Mega-Capital Is Concentrating Around Physical AI Infrastructure Eclipse's $1.3B fund, Spirit AI's $420M in 30 days, D-Robotics' $270M Series B, Bezos's ~$6.2B Project Prometheus, and Intel joining Terafab collectively signal that institutional capital is treating physical AI as a distinct, fundable category — not a subcategory of software AI. The capital is flowing toward integrated hardware-software platforms, not point solutions.

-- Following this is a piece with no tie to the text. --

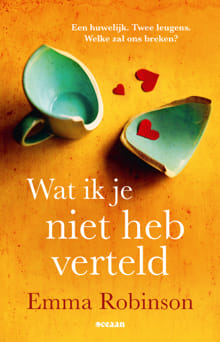 Wat ik je niet heb verteld - Emma Robinson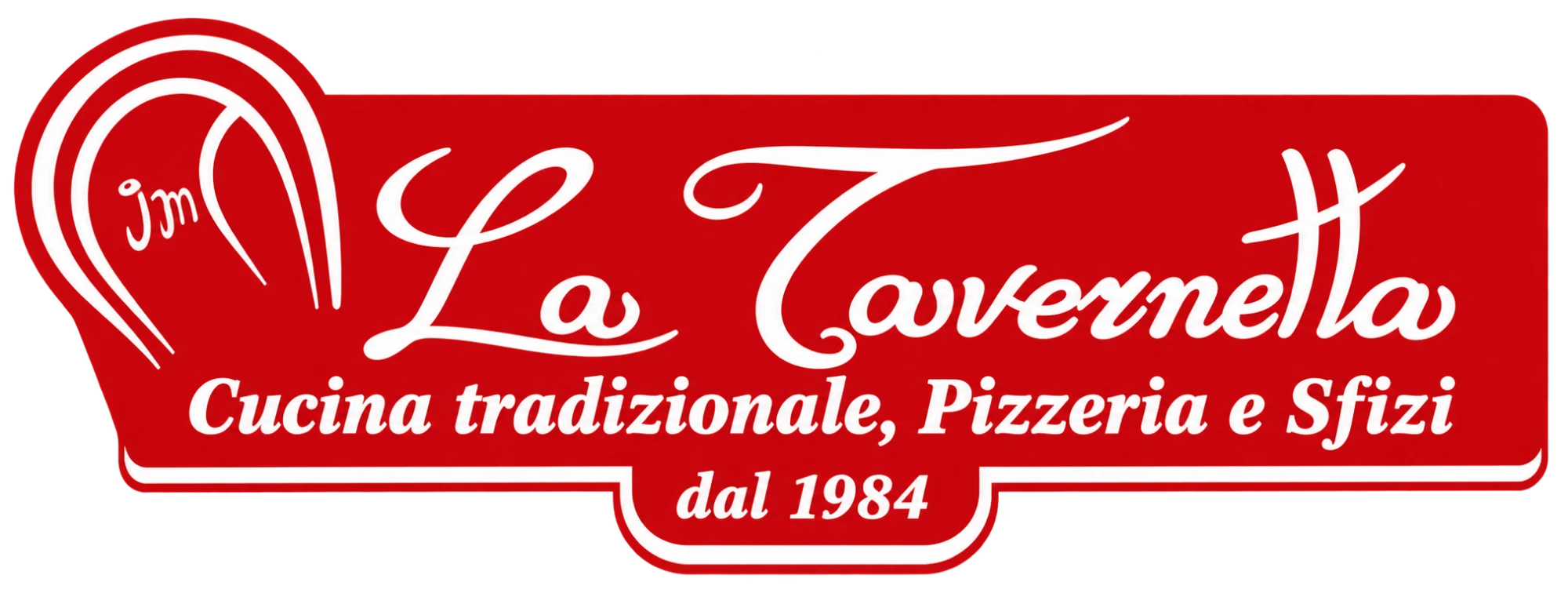 La Tavernetta — Cucina tradizionale, Pizzetteria e Sfizi, dal 1984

Open-Source Tools Are Democratizing Embodied AI Development AgiBot's open-source WORLD 2026 dataset and Genie Sim 3.0 platform, Hugging Face's LeRobot v0.5.1 with Unitree fixes, and OpenClaw's ROS2 integration are collectively lowering the barrier to entry for robotics AI research. The data bottleneck that has historically favored well-funded labs is eroding as high-quality datasets and simulation infrastructure become publicly available.
Inference Economics Are Reshaping Robot Hardware Decisions Tesla's MLIR compiler rewrite yielding 20% latency gains, the training-to-inference chip market shift, and Eclipse's bet on edge AI all point to inference optimization — not raw training compute — as the binding constraint for deployed robots. Specialized inference chips delivering 4.7x better price-performance than NVIDIA GPUs for inference workloads suggest the Jetson-for-everything assumption is under serious pressure.
What to Expect
2026-04-10—IHMC public debut of Alex humanoid robot at Pensacola open house — first live demonstration of the all-electric untethered humanoid.
2026-04-13—MODEX 2026 opens in Atlanta — Delta Electronics, Hai Robotics, Piaggio Fast Forward, and Attabotics/SAVOYE showcasing warehouse automation and autonomous logistics platforms.
2026-04-27—Unitree Robotics IPO on Shanghai Stock Exchange expected — first profitable humanoid robot company to go public, targeting ~$610M raise.